Enlighten us, O fiery chicken, we beseech you.


----------



## fenixpollo

........Mike.


----------



## duckie

It's damn near impossible to pronounce 'foreign' words in the foreign language when speaking a different language. The entire flow changes for each different language, and if we are to be 'true' to the origin of all these foreign words we'll be switching between a dozen different languages everytime we're trying to say something that was meant to be simple but would now have become an exercise in phonology


----------



## Setwale_Charm

It is sometimes diffcult for one who knows a foreign language to pronounce the words which come from this language in the way that is the adopted pronounciation in their own language.
 During the Middle Ages, the common practice for various scholars was to pronounce Latin and French words in the way they would be pronounced in the then-English. I was studying the Law when I was fluent in French already and it was tormenting to me to have to pronounce "autrefois convict" or "lien" as "oterfoyz convict" and "leen".


----------



## vince

When I'm with people who enjoy traveling and are open to other cultures, I tend to pronounce foreign words as close as possible to its original language. If I don't know the foreign language, I use a "generic foreign accent", i.e. use five pure vowels "a e i o u", trill my r's, etc. 19 times out of 20, it sounds closer to the original than pronouncing it in English would.

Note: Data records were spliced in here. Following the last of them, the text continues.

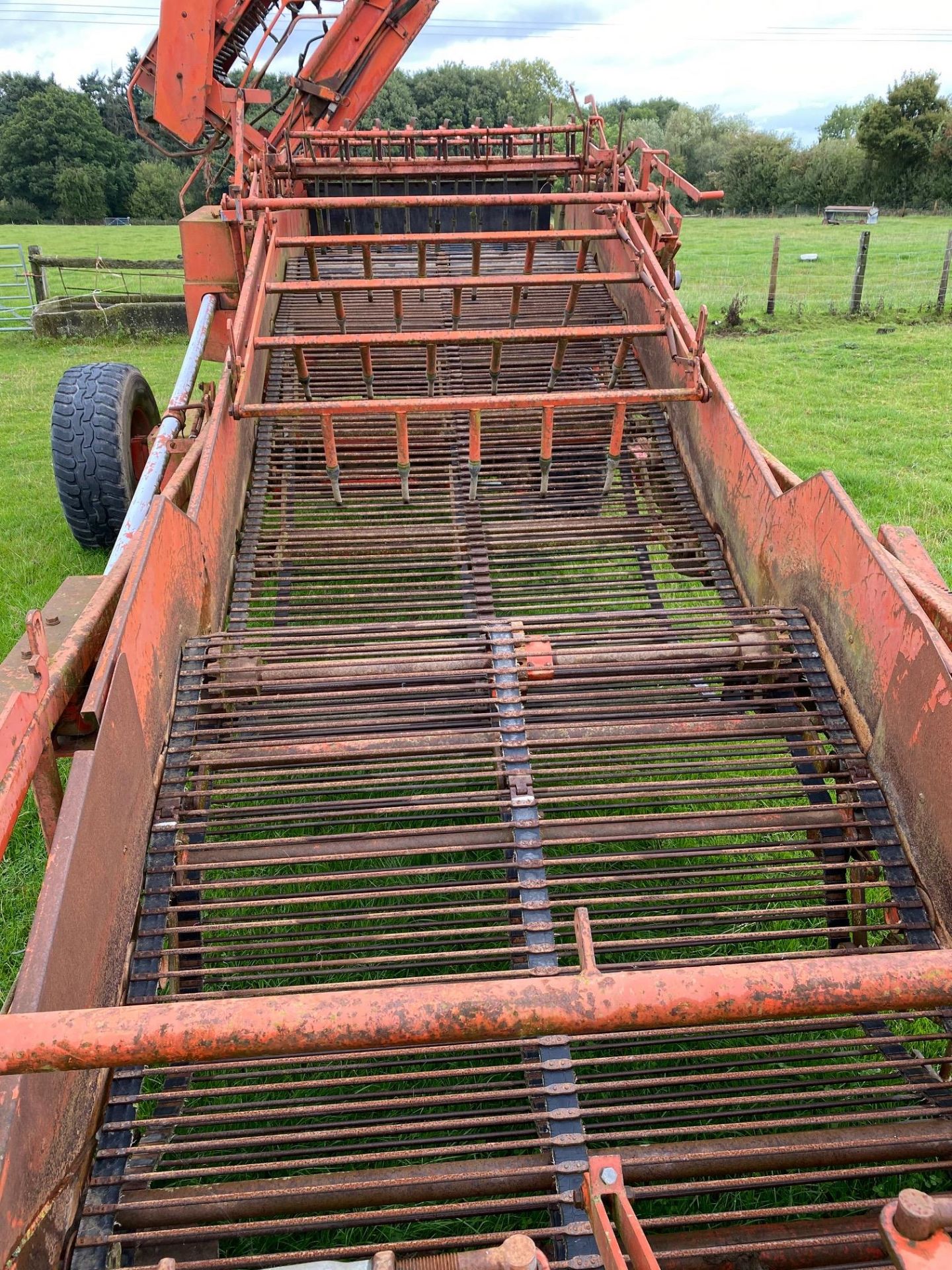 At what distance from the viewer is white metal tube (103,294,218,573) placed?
321 centimetres

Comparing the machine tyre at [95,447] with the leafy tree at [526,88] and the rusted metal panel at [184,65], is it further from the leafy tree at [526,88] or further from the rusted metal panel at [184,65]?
the leafy tree at [526,88]

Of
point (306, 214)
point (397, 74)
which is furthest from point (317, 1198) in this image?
point (397, 74)

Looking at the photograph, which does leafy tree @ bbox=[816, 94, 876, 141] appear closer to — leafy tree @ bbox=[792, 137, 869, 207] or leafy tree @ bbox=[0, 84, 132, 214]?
leafy tree @ bbox=[792, 137, 869, 207]

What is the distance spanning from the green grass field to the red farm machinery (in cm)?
114

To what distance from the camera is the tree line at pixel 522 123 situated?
31797 millimetres

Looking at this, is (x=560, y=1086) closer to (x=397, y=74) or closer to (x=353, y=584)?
(x=353, y=584)

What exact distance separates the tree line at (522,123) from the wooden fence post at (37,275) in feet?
61.8

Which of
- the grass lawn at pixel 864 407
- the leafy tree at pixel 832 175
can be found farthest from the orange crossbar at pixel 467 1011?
the leafy tree at pixel 832 175

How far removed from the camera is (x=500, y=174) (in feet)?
20.2

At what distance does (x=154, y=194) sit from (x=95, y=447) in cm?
4492

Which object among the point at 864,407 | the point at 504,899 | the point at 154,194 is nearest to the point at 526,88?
the point at 154,194

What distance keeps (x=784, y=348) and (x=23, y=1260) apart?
37.5ft

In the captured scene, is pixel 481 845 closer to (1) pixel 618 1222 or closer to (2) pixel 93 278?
(1) pixel 618 1222

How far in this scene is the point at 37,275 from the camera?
44.0 feet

But with everyone else, I go with the flow and pronounce it the English way, even if I have to cringe inside. Cuz otherwise, people aren't going to understand what you're saying.
e.g. "Koll-OWN is a city in Germany" (ugh) I would prefer to say "Köln".
or "holla-pino peppers are great" (ugh) I would prefer to say "jalapeño".

I hate words that are half-anglicized, like fajita and creme brulee. I either pronounce them fully anglicized as fa-GEE-ta (GEE like the letter G) and cream broo-lee, or else I pronounce them as though they were Spanish and French respectively.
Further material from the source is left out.